Text Frequency Using R


Export Sentiment Value, Text Frequency, and Positive Negative and Neutral words

Inside the text, there is a lot of data that we can’t see. More data analyst are used scripts and tools for the text analysis. But here we can start from some basic text analysis like what is the polarity of the text which word is more frequent in the text so we can easily understand the what people talk about us on social channel or other platforms which is more important to find this data. With this data, we can get some insight like users is positive towards our brand or negative, which term they used more in the review like good, bad or about quality something like that.
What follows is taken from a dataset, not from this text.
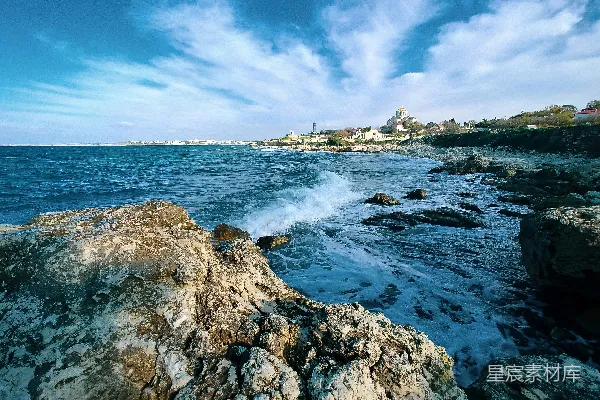 高清摄影 白天，蓝色和白色云朵下的岩石海岸上，海浪拍打着岩石。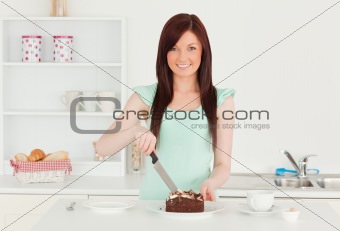 Attractive red-haired woman cutting some cake in the kitchen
For this text analysis, we used the below R script select your CSV file and set the path where you want to save the output and run this code.

# Load
 # Read the text file from internet
 text <- readLines(“data.csv”)
 # Load the data as a corpus
 docs <- Corpus(VectorSource(text))
 toSpace <- content_transformer(function (x , pattern ) gsub(pattern, ” “, x))
 docs <- tm_map(docs, toSpace, “/”)
 docs <- tm_map(docs, toSpace, “@”)
 docs <- tm_map(docs, toSpace, “\\|”)
 # Convert the text to lower case
 docs <- tm_map(docs, content_transformer(tolower))
 # Remove numbers
 docs <- tm_map(docs, removeNumbers)
 # Remove english common stopwords
 docs <- tm_map(docs, removeWords, stopwords(“english”))
 # Remove your own stop word
 # specify your stopwords as a character vector
 docs <- tm_map(docs, removeWords, c(“blabla1”, “blabla2”))
 # Remove punctuations
 docs <- tm_map(docs, removePunctuation)
 # Eliminate extra white spaces
 docs <- tm_map(docs, stripWhitespace)
 # Text stemming
 # docs <- tm_map(docs, stemDocument)
 dtm <- TermDocumentMatrix(docs)
 m <- as.matrix(dtm)
 v <- sort(rowSums(m),decreasing=TRUE)
 d <- data.frame(word = names(v),freq=v)
 head(d, 10)

 wordcloud(words = d$word, freq = d$freq, min.freq = 1,
           max.words=200, random.order=FALSE, rot.per=0.35,
           colors=brewer.pal(8, “Dark2”))

 barplot(d[1:15,]$freq, las = 2, names.arg = d[1:15,]$word,
         col =”lightblue”, main =”Most frequent words”,
         ylab = “Word frequencies”)


 write.table(xo,file = ‘tibble_matrix.csv’, sep = ‘,’, row.names = FALSE)